# QuickStarter for the DataCrunch tournament 

## Basic steps and workflow:

0. Using this notebook

1. Download data

2. Explore data

3. Select a model

4. Scoring

5. Train / validation split

6. Train your model 

7. Make prediction

8. Submit

---

## 0. Using this notebook 

To execute the cell press `shift+enter`. 

Follow the steps and login with your Google account.

In [None]:
# Install the crunchDAO package - credit to @uuazed. Check here: https://github.com/uuazed/crunchdao
!pip install --upgrade crunchdao

In [None]:
# Lib & Dependencies
import pandas as pd
import numpy as np
import xgboost as xgb
import scipy

import seaborn as sns
import matplotlib.pyplot as plt

import requests
import gc

import crunchdao

Paste <u>your</u> API key here. If you don't have one, go to the API management section of your account: https://account.crunchdao.com/account/api

In [None]:
client = crunchdao.Client(apikey="") # <= Your API key here

In [None]:
# Get the configuration of the current dataset
client.dataset_config()

---

## 1. Download data

Each week we will provide you with four DataFrames:

- X_train contains the features;
- y_train contains the targets;
- X_test contains the features you can use in your models;
- example_prediction contains an example of the submission awaited.

There are 4 targets you need to predict: target_w, target_r, target_g, and target_b.

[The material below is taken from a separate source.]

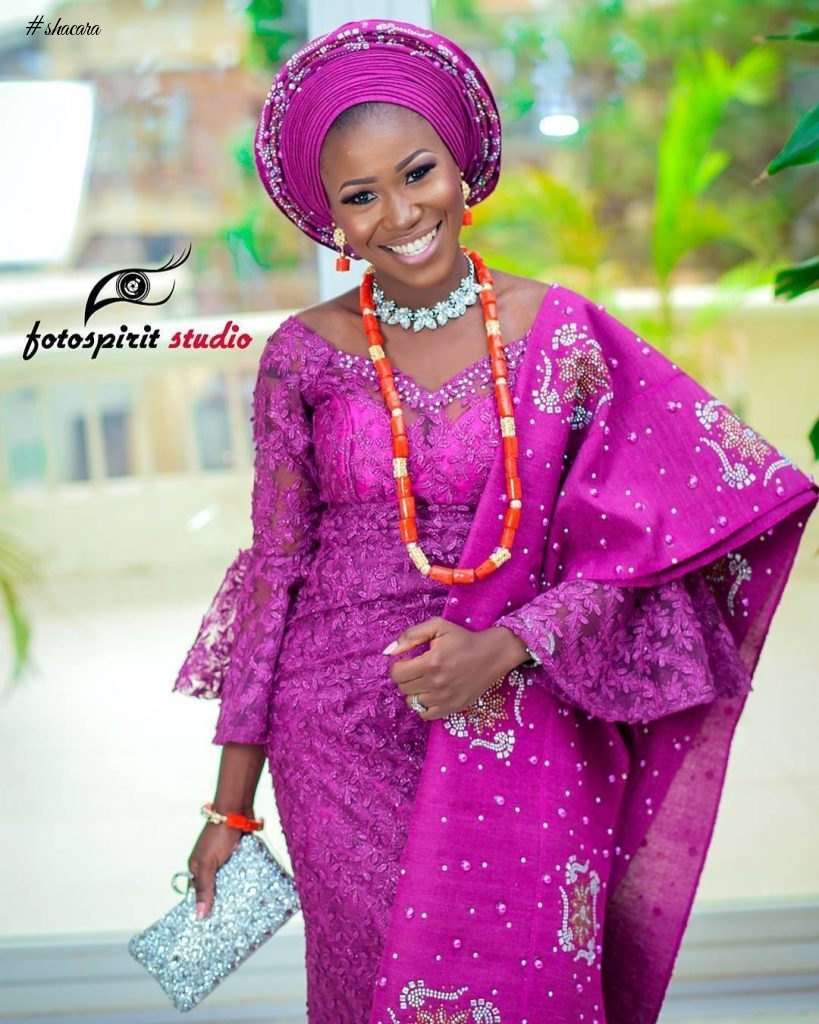 GLAM BRIDAL ASO OKE INSPIRATION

You can either download the data in the *.csv* or *.parquet* extension.
The *.csv* will take longer to download and take up more space in the RAM.

In [None]:
# Chose a file format between parquet and csv 
file_format = 'parquet'

# Download current dataset
client.download_data(directory=".", file_format=file_format)

In [None]:
if file_format == 'parquet':
  # Data for training
  train_features = pd.read_parquet(f'./X_train.{file_format}')
  # Data for which you will submit your prediction
  test_data = pd.read_parquet(f'./X_test.{file_format}')
  # Targets use for your supervised training
  train_targets = pd.read_parquet(f'./y_train.{file_format}')
  # Exemple of an awaited submission
  example_submission = pd.read_parquet(f'./example_submission.{file_format}')
elif file_format == 'csv':
  # Data for training
  train_features = pd.read_csv(f'./X_train.{file_format}')
  # Data for which you will submit your prediction
  test_data = pd.read_csv(f'./X_test.{file_format}')
  # Targets use for your supervised training
  train_targets = pd.read_csv(f'./y_train.{file_format}')
  # Exemple of an awaited submission
  example_submission = pd.read_csv(f'./example_submission.{file_format}')

In [None]:
# Merge train_features and train_targets for ease of use
train_data = pd.merge(train_features, train_targets, on=['id', 'Moons'], how='inner')

del train_features, train_targets
gc.collect()

In [None]:
# Get the features columns name and the targets columns name
features = [col for col in train_data.columns if 'Feature' in col]
targets = [col for col in train_data.columns if 'target' in col]

In [None]:
display(train_data.head())
display(test_data.head())

---

## 2. Explore Data

Observe your data and carefully prepare what you will give to your model for training.

In [None]:
display(train_data.describe())

### 2.1. Correlation matrix

In [None]:
def show_cov(x):
    cov = x.corr().abs().to_numpy()
    plt.figure(figsize=(15, 12))
    sns.heatmap(cov,vmin=0, vmax=1, cmap="cividis")
    plt.show()

# Show last moon covariance matrix
train_data_last = train_data[train_data['Moons'] == train_data['Moons'].max()]
show_cov(train_data_last)

### 2.2. Data distribution 

In [None]:
# Train data binning explained and plot
hist = train_data[features].iloc[:, :9].hist(bins=30, figsize=(20,20))

In [None]:
# Target explained and plot
hist = train_data[targets].hist(bins=30, figsize=(20,20))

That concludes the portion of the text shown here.